- What you need to do
Your answer must be the exact lines below, starting with the line with "Profile Picture of" and going on through the line with "Eisbär Post Insta", both included, with no pictures.

- Data to process
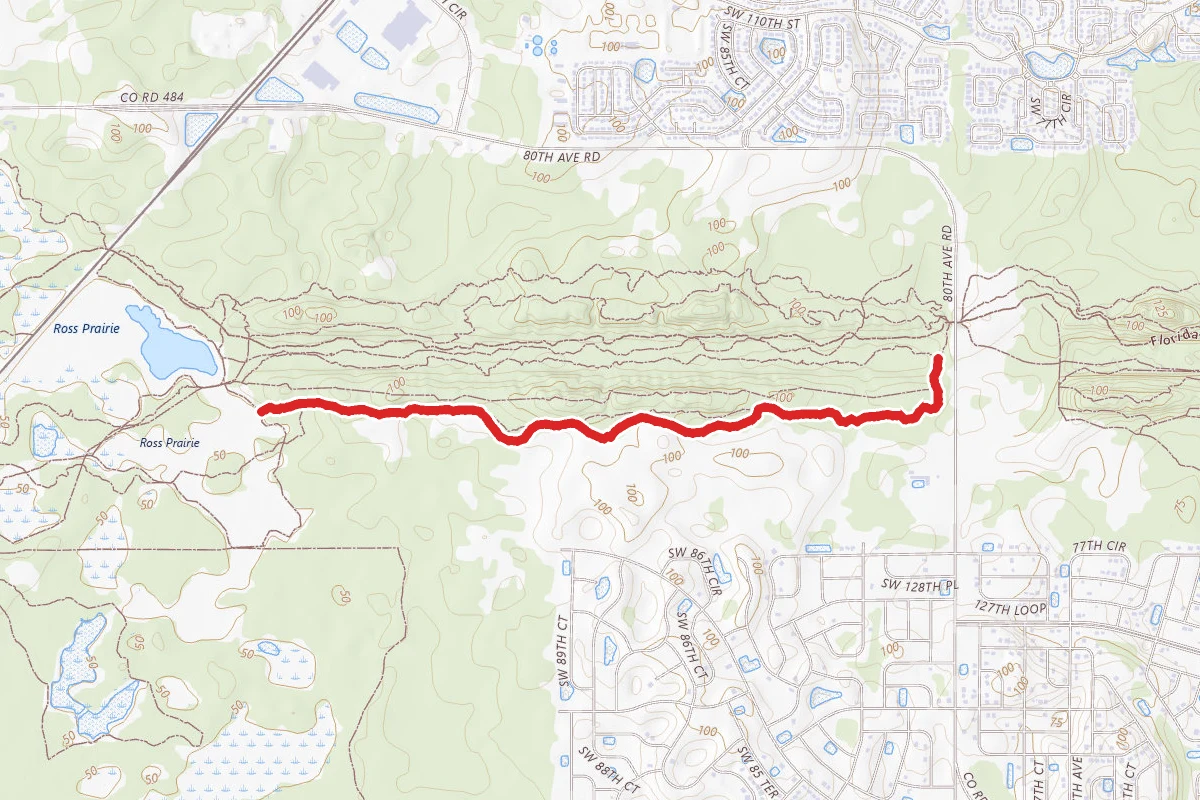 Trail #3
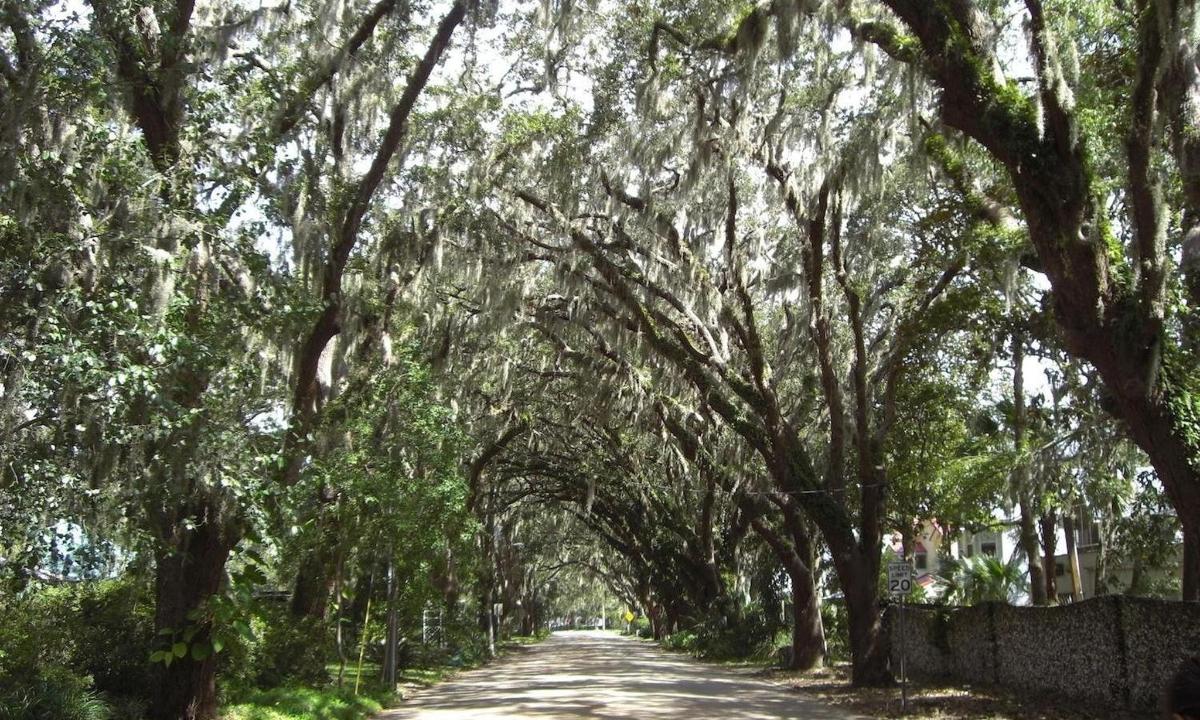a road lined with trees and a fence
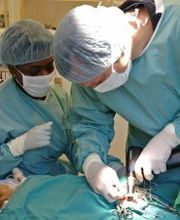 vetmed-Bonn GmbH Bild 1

==

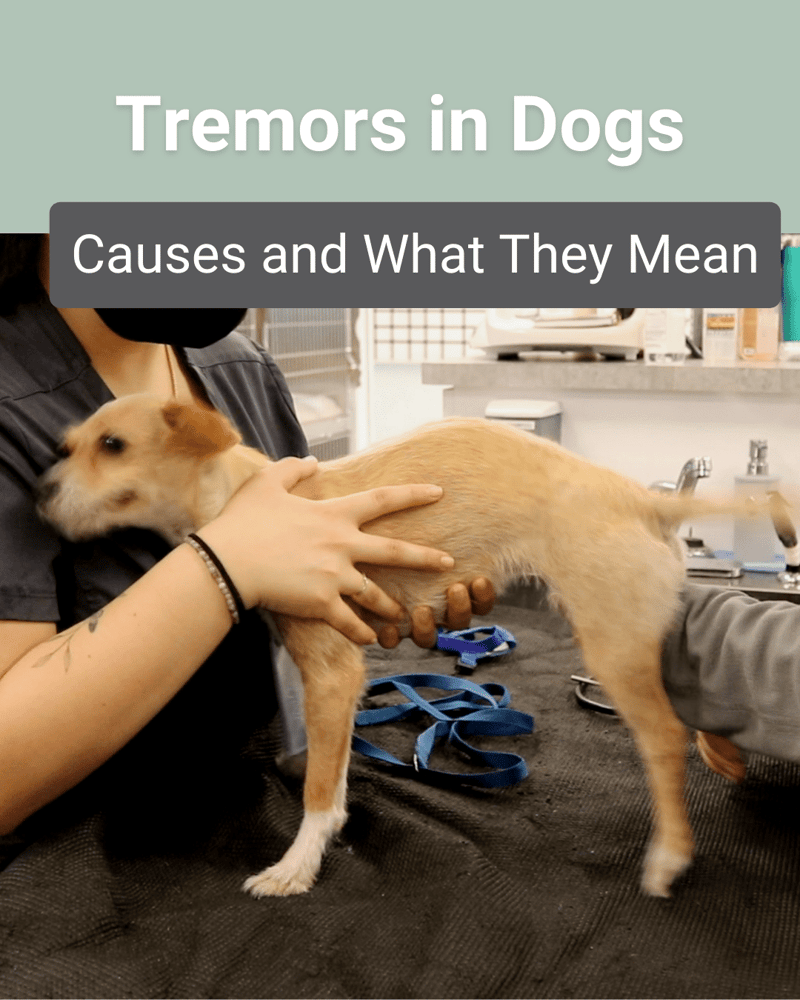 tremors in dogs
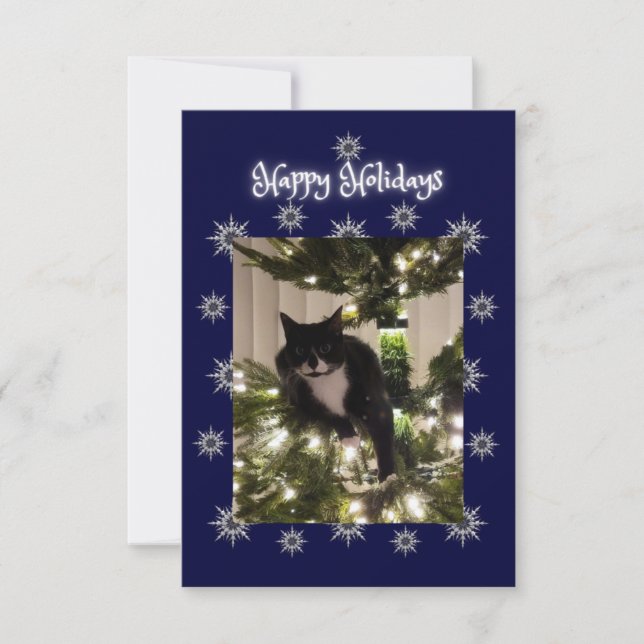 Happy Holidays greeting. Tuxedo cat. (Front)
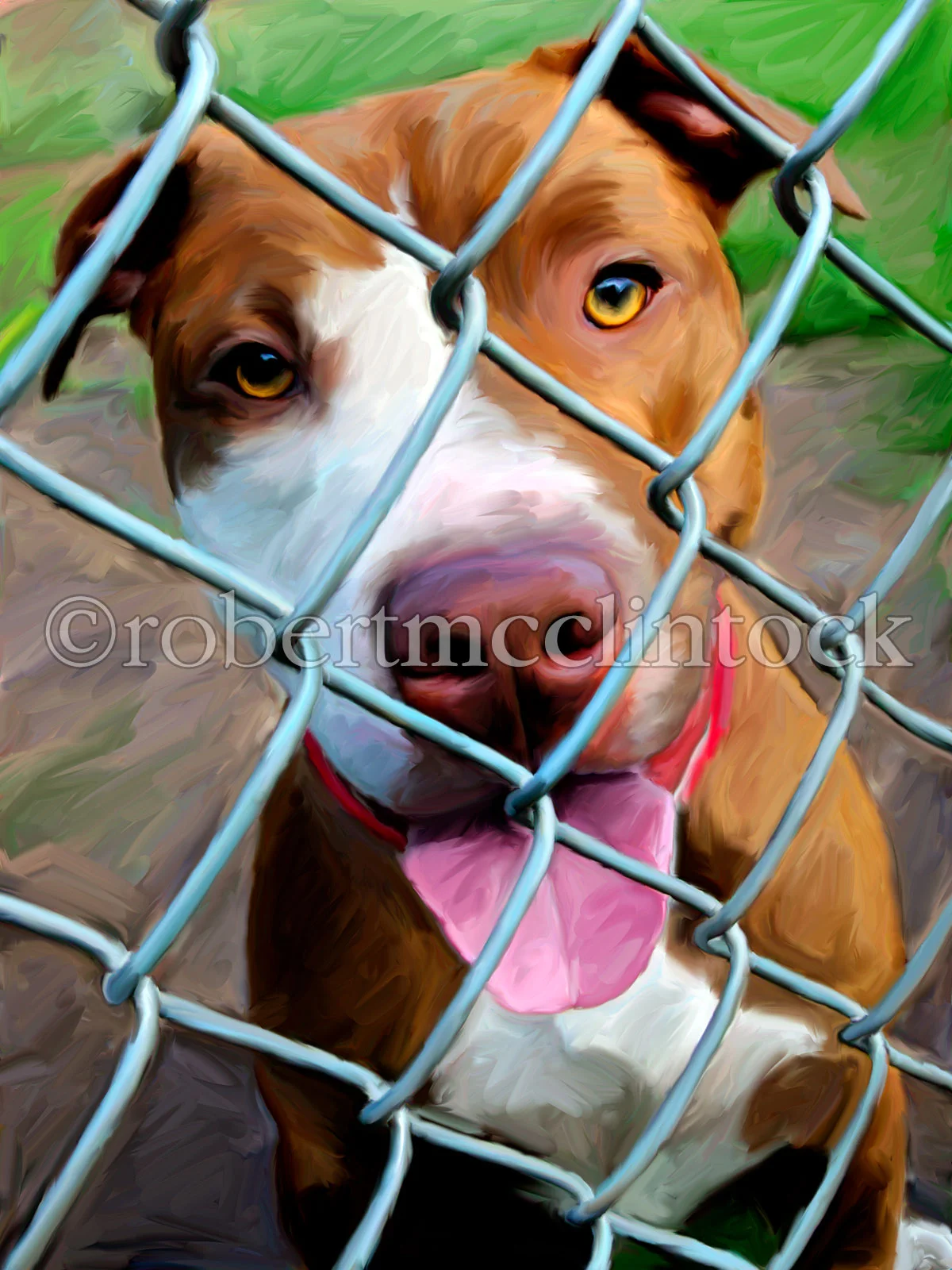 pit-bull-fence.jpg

--

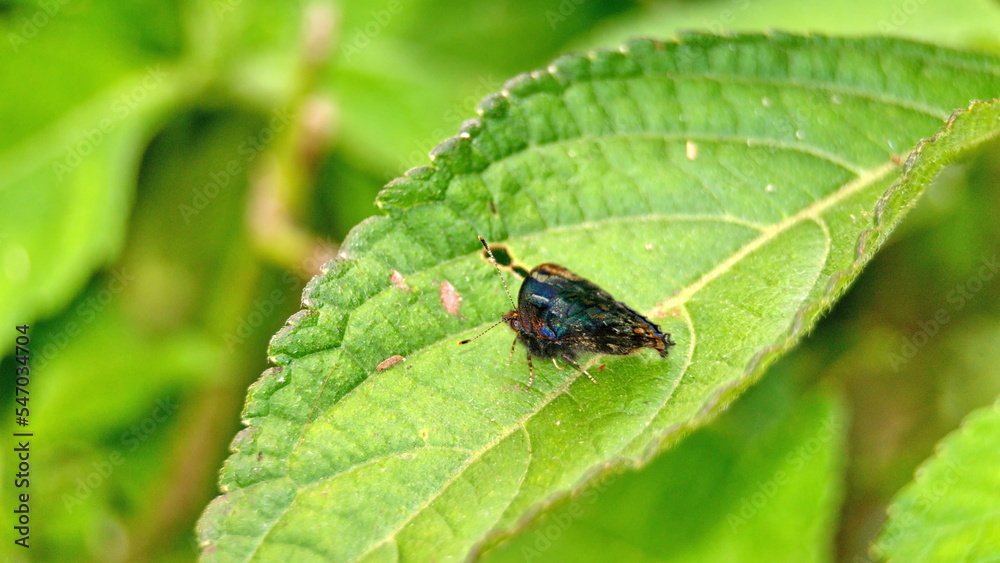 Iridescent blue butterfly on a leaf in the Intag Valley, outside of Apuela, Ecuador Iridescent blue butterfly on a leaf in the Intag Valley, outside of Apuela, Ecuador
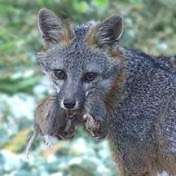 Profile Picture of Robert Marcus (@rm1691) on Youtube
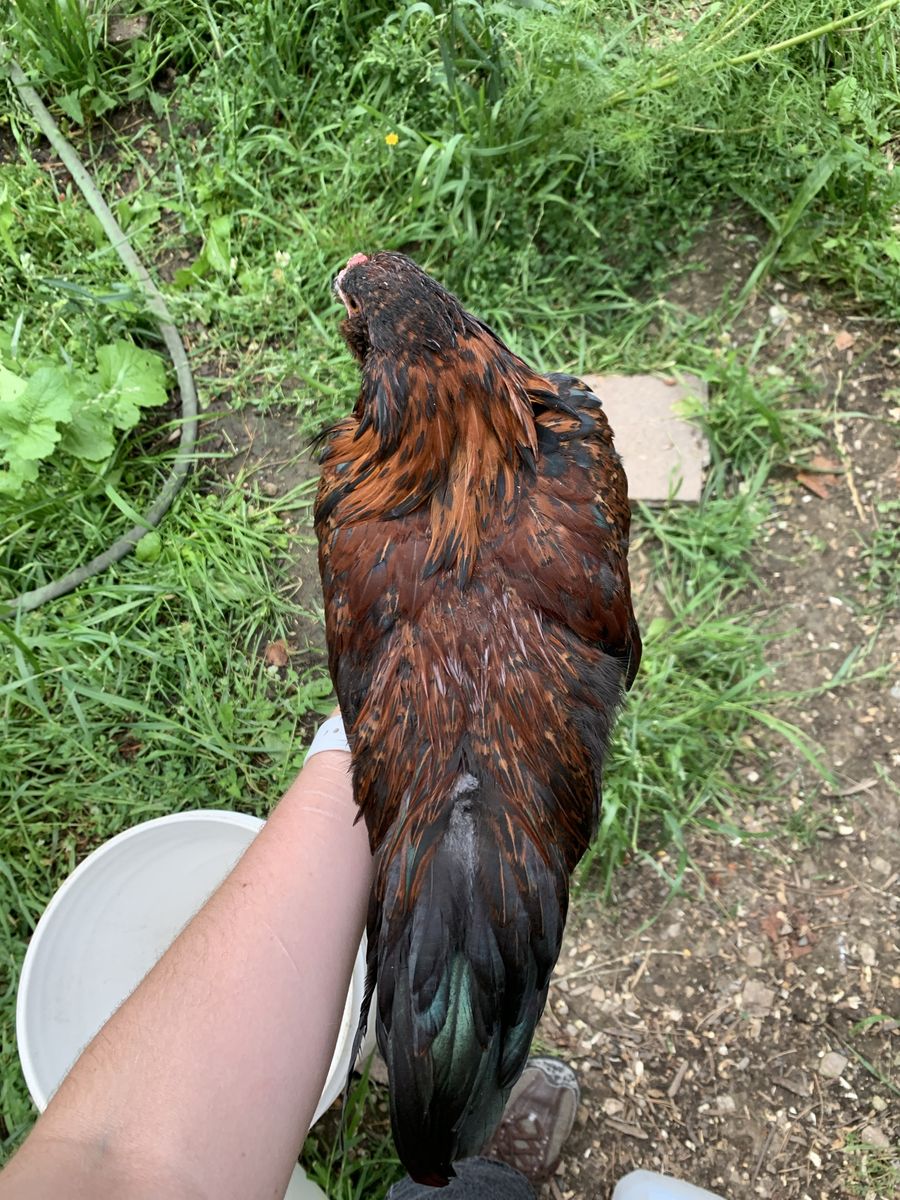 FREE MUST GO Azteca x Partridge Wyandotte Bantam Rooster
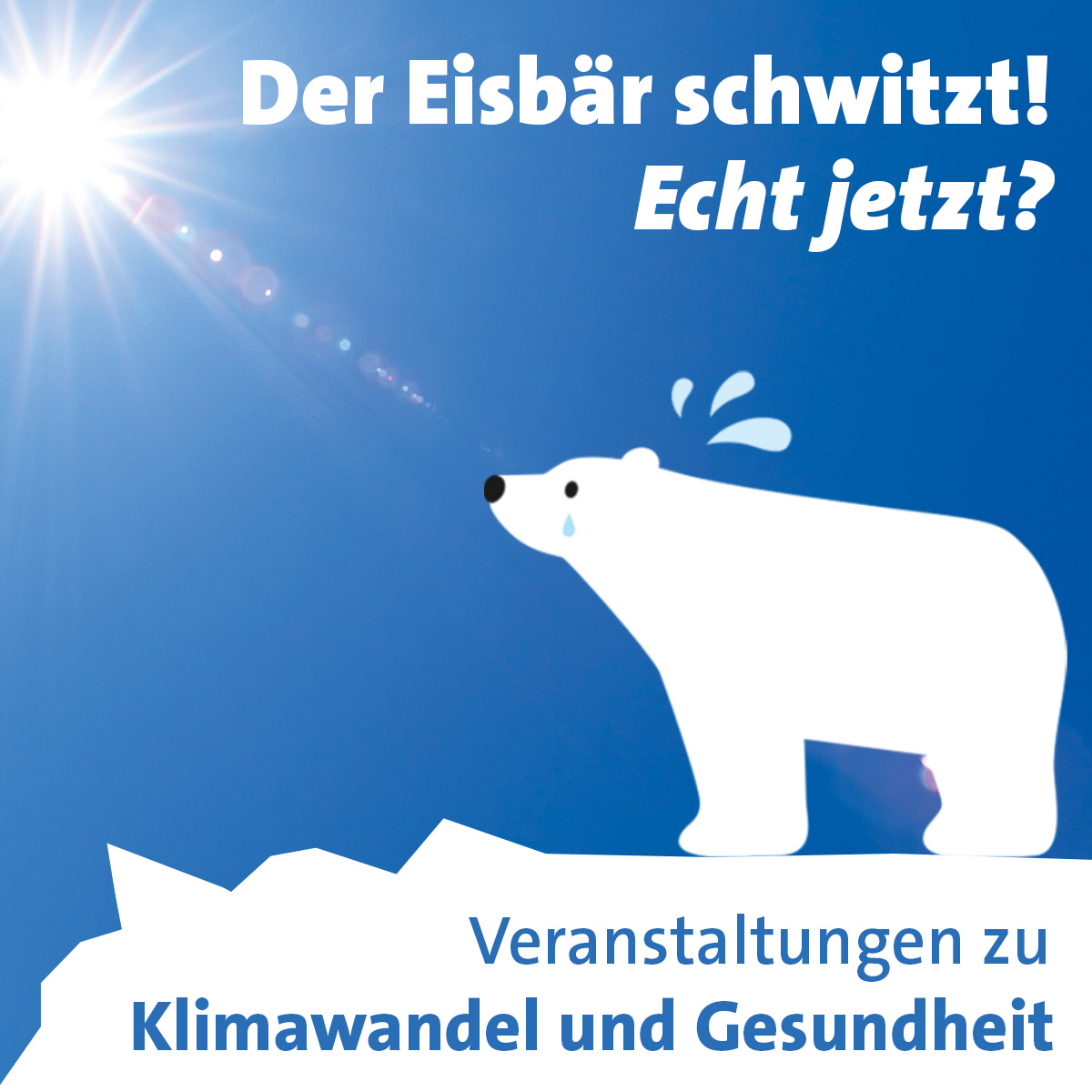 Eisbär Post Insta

- Task output
 Profile Picture of Robert Marcus (@rm1691) on Youtube
 FREE MUST GO Azteca x Partridge Wyandotte Bantam Rooster
 Eisbär Post Insta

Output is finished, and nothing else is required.